» **What to produce**:
Return all lines of the records that contain the word "image".

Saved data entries

[Start of section]

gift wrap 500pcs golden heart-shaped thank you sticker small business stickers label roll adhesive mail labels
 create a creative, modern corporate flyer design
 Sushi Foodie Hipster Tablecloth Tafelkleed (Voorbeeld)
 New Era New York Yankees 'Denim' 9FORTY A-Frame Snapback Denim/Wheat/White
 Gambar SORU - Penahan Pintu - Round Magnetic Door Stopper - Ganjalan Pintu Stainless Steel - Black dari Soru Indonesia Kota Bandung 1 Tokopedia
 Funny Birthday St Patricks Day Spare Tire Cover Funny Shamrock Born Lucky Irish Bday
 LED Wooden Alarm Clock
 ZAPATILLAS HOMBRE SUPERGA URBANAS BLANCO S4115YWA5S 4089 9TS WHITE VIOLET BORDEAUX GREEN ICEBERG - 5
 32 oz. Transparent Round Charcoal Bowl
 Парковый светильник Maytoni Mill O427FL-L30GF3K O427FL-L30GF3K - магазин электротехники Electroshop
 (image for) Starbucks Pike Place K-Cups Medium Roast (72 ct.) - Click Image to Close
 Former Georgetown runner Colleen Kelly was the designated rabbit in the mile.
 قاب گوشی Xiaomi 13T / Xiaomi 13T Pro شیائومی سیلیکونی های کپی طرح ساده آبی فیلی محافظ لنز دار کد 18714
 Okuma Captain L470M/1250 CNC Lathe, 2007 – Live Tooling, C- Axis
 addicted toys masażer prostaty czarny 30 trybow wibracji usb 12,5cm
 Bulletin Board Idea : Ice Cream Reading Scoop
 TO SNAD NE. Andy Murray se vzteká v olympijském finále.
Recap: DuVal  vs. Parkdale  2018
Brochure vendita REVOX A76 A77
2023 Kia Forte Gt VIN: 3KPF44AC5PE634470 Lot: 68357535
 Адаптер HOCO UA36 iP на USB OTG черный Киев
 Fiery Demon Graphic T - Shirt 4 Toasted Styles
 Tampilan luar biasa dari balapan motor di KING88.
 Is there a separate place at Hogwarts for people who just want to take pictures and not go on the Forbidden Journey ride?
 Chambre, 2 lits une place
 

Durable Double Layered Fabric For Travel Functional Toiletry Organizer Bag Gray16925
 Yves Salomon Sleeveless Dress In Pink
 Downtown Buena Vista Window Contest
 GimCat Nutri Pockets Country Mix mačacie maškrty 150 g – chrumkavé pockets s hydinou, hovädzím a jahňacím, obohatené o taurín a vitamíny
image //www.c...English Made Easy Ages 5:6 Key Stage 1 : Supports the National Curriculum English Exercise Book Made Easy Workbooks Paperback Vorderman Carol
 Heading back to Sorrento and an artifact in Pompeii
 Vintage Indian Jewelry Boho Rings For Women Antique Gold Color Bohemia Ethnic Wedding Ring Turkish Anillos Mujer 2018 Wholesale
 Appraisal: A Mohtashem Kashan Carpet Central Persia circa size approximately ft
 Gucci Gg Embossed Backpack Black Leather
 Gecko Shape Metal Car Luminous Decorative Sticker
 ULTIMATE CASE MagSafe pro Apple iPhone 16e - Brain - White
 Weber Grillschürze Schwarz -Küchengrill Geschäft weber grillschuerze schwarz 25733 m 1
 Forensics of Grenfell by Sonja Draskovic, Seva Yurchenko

[End of section]

» **Completed task**:
 (image for) Starbucks Pike Place K-Cups Medium Roast (72 ct.) - Click Image to Close
image //www.c...English Made Easy Ages 5:6 Key Stage 1 : Supports the National Curriculum English Exercise Book Made Easy Workbooks Paperback Vorderman Carol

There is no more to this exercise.